The World Jones MadePhilip K. Dick published The World Jones Made in 1956 and didn’t give "life as we know it" much time. A devastating world war breaks out in the 1970’s, but humankind proves remarkably resilient. By the mid 1990’s, when the story begins, we are already zipping around town in airborne taxis and traveling cross country in the matter of an hour or so. You may live in Detroit but you party in San Francisco. "Relativity" is the accepted philosophy of the day, and I found it one of Dick’s vaguer concepts. People can not only do most anything they want, but they must let others do so as well, and they cannot, under any circumstances, express a belief in anything. This live and let live code must be enforced by an elaborate security police force, and Cussick, the central character, is on the force.
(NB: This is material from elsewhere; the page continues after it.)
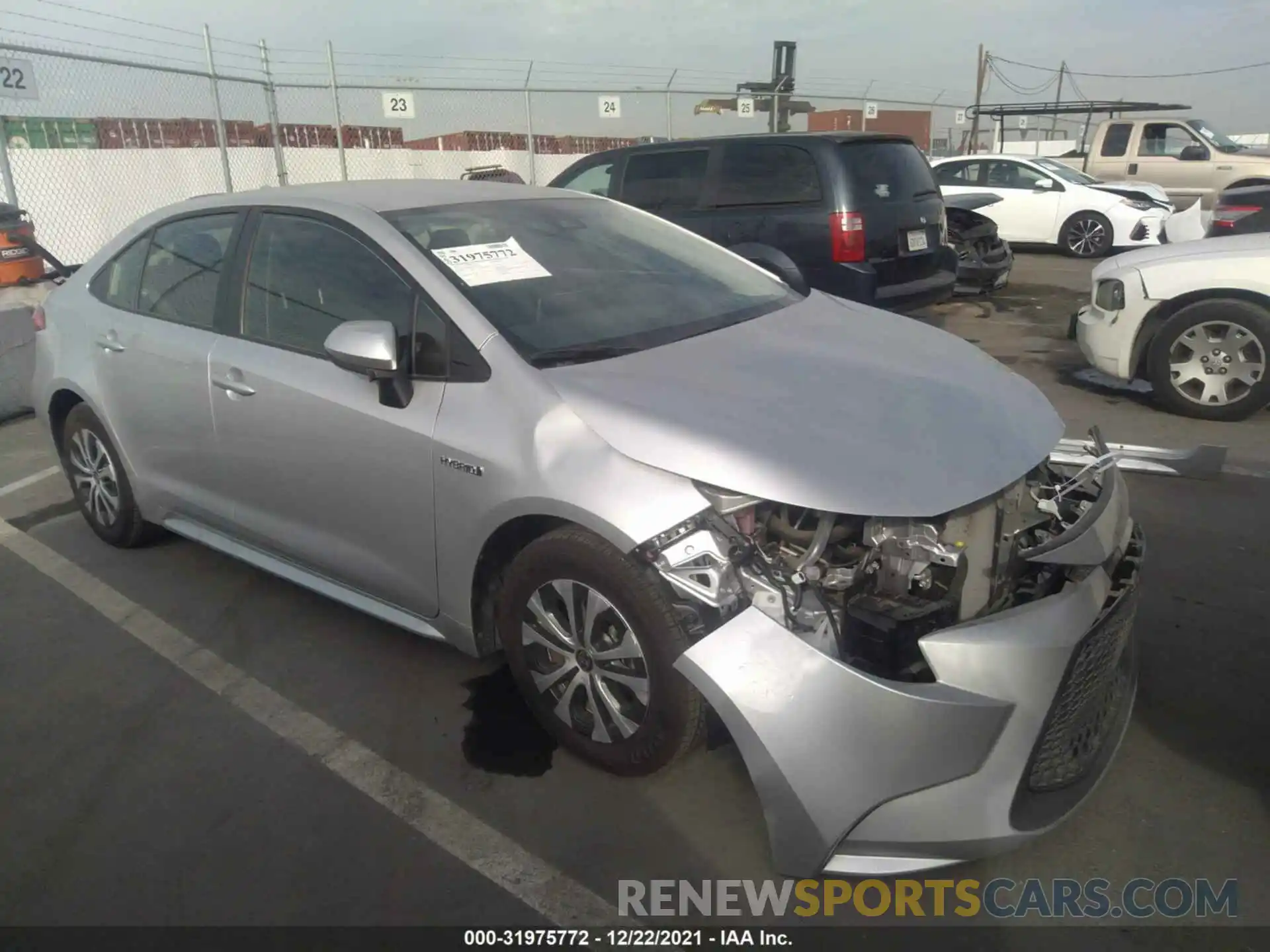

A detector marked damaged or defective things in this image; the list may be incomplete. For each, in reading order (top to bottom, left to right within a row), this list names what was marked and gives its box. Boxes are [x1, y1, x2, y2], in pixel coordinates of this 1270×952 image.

front-end collision damage [646, 442, 1143, 873]
crumpled bumper [675, 465, 1143, 873]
Jones threatens this world because he is a prophet, able to see into the future for up to one year. This means that the future is known, it is a sure thing, and so the Relativity world will fall apart. The mob longs for Jones’s message and forms a devoted following that transforms into a worldwide movement. He can’t be stopped because he already knows every move that will be made against him. Cussick’s gorgeous Scandinavian wife aligns herself with the Jones movement and becomes a senior officer in the organization. There is a subplot concerning human mutants specially bred to survive on Venus, and an inconvenient but not very dangerous invasion of giant space amoebas that the Jones followers raucously destroy.

All of this does not make into a very coherent novel, and, for as nutty as much of it is, The World Jones Made is a little downbeat for Dick. The characters, other than Jones, are exhausted and justifiably pessimistic, caught up in defending a world order they know is doomed and which they no longer really believe in. No wonder they go to night clubs and make concoctions of heroin and marijuana their first drink of the night.